About this task: Write out again, word for word, the lines below from the line that holds "Atari Lynx II" through the line that holds "Baby Chiffon Floral Hair Band - Baby World", omitting pictures.

Provided data:
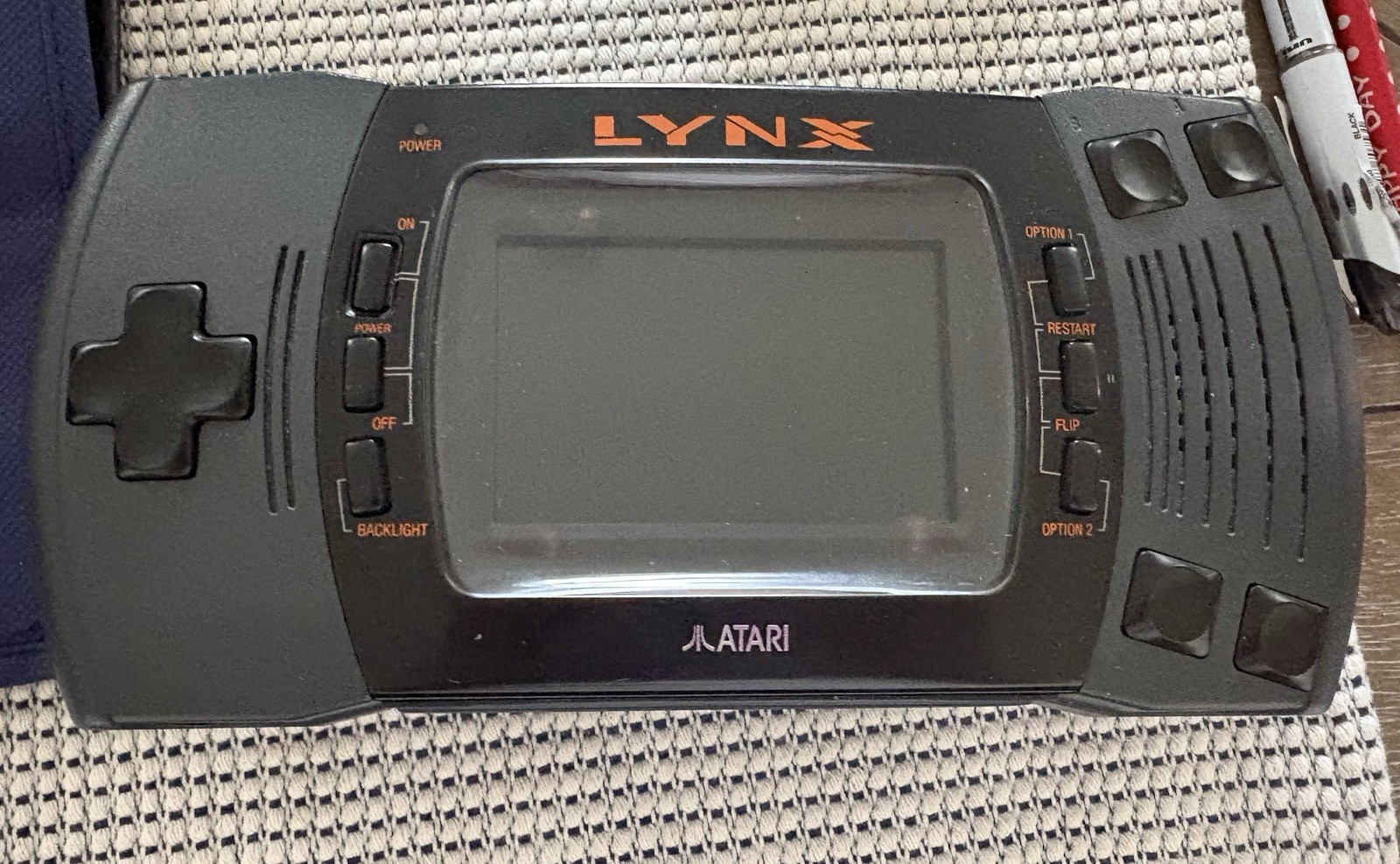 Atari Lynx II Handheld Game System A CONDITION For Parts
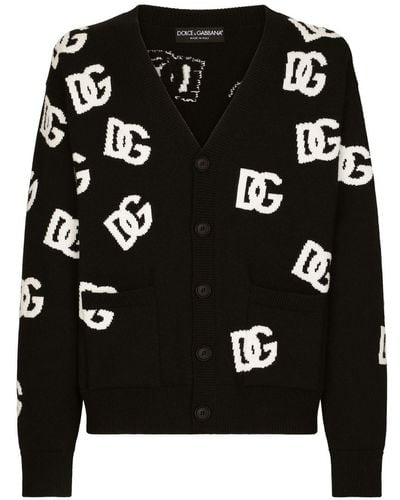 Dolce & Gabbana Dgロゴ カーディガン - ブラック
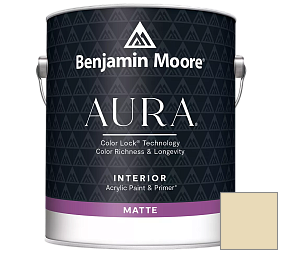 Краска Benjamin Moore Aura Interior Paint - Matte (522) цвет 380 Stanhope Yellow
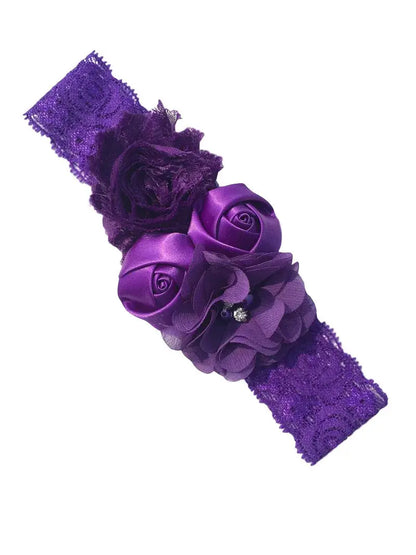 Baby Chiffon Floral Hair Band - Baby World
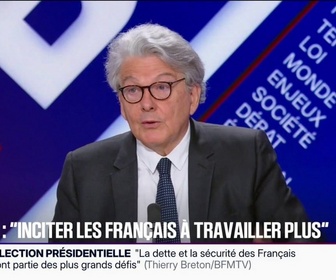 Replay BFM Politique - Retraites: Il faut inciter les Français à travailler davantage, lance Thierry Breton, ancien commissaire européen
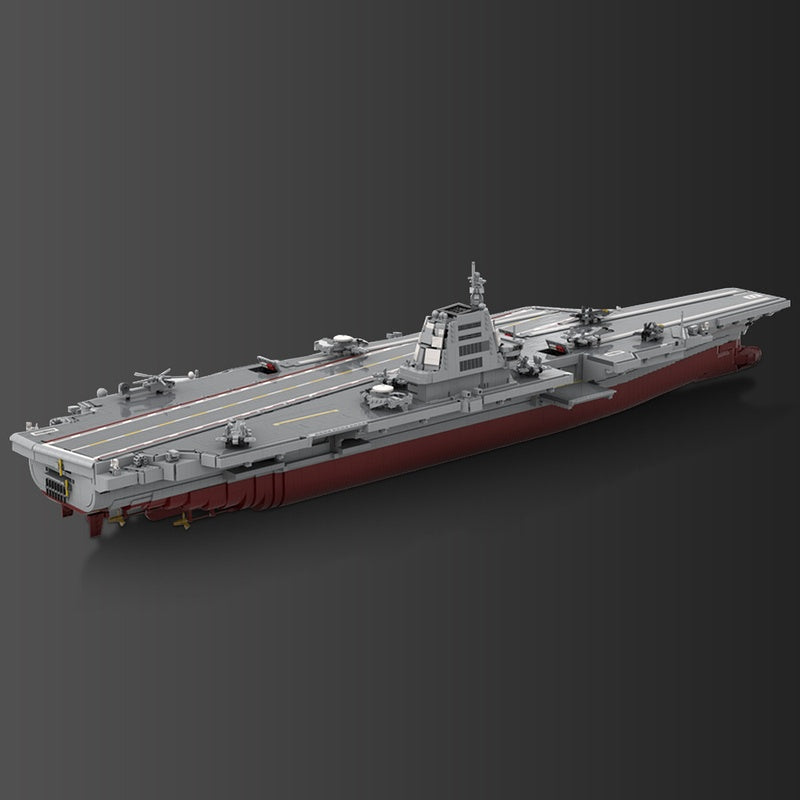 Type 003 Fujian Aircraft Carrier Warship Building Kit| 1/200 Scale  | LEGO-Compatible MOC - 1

...

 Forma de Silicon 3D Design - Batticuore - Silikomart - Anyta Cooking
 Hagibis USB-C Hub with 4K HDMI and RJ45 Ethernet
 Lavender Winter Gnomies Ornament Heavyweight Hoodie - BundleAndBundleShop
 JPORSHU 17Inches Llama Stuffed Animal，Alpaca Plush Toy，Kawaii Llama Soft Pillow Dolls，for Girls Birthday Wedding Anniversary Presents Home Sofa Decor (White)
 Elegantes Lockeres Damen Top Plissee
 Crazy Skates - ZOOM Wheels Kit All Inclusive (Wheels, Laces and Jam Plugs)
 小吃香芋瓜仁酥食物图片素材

Solution to this problem:
 Atari Lynx II Handheld Game System A CONDITION For Parts
 Dolce & Gabbana Dgロゴ カーディガン - ブラック
 Краска Benjamin Moore Aura Interior Paint - Matte (522) цвет 380 Stanhope Yellow
 Baby Chiffon Floral Hair Band - Baby World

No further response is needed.